A few days ago, Beijing hosted the eighth ministerial meeting of China-Arab States Cooperation Forum (CASCF). The comprehensive and far-reaching statement delivered by President Xi Jinping at the inauguration of the Forum, and the speeches by Arab leaders, confirmed at the highest level, the comprehensive strategic partnership existing between China and Arab States. The path to peace in the Middle East has always been long and bumpy, but the Arabs and China, intend to work together to make peace achievable.
PART I Political Settlement of Conflicts
Since 2011, the so-called Arab Spring caused tremendous damage to many Middle Eastern and North African societies, with considerable harm to the state institutions. A heavy price continues to be paid under the fictitious banner of spreading democracy.
Many tragedies hit the region simultaneously, with particular intension of weakening the notion of nation-state, which is the main constituent unit of the regional system; along with the mass proliferation of weapons, mostly falling in the wrong hands, escalation of civil wars, continued flows of refugees and migrants by the millions, destruction of infrastructures, resulting in negative economic development and loss of growth of over 620 billion US$; all of this combined with the emergence of extreme violence by foreign-financed non-state actors and terrorist groups. For the first time, Daesh terrorists occupied regions and cities, and established alleged governments and even armies of mercenaries on Arab and African territories.
Regional powers such as Turkey, Israel and Iran, all had their designs that go far beyond legitimate security and self-defense needs. Each of the three viewed the turmoil as an opportunity not to be missed. These disheartening tragedies occurred against an international environment characterized by rising uncertainty, mounting nationalism and populism, and anti-multilateralism, global economic slowdown, and waves of terrorism in major urban centers, with no common vision for the region’s stabilization among the neighboring countries or the super-powers.
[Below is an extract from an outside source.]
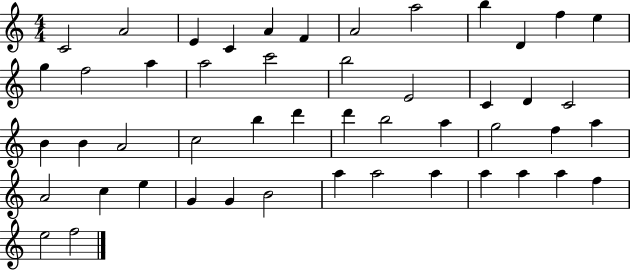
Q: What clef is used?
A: treble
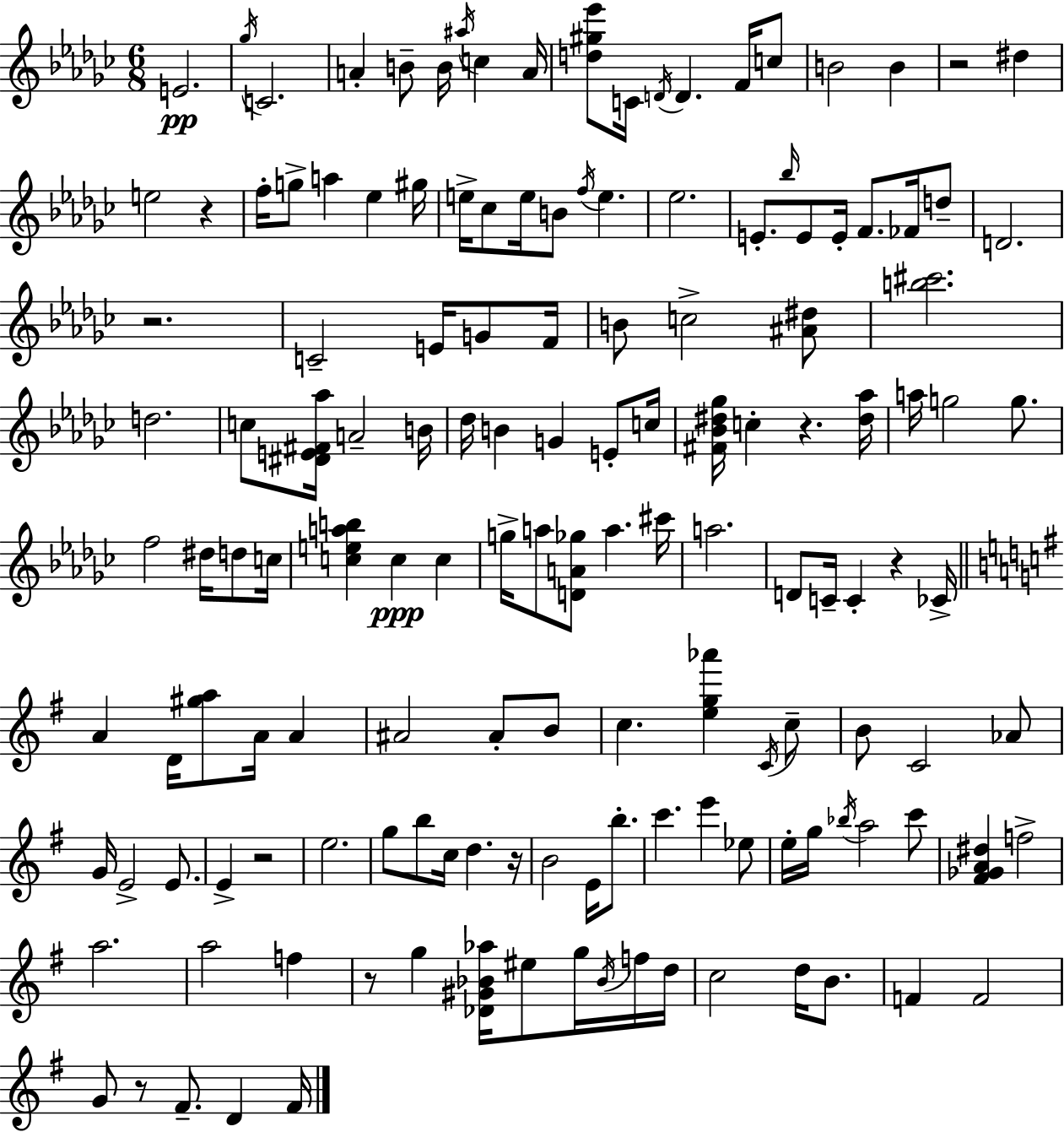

Many observers predict that the current situation might persist for years, since the origin of the struggle is generational, and the confrontation lies against deeply entrenched forces of radicalism and obscurantism. However, it would be wiser and in everyone’s interest to reverse this disastrous trend. Therefore, extensive efforts should urgently be directed at reaching political solutions and mitigating humanitarian needs, particularly for civilians in conflict zones, refugees and internally displaced people, dealing with pressing health and nutrition problems, as well as primary education in war-stricken areas.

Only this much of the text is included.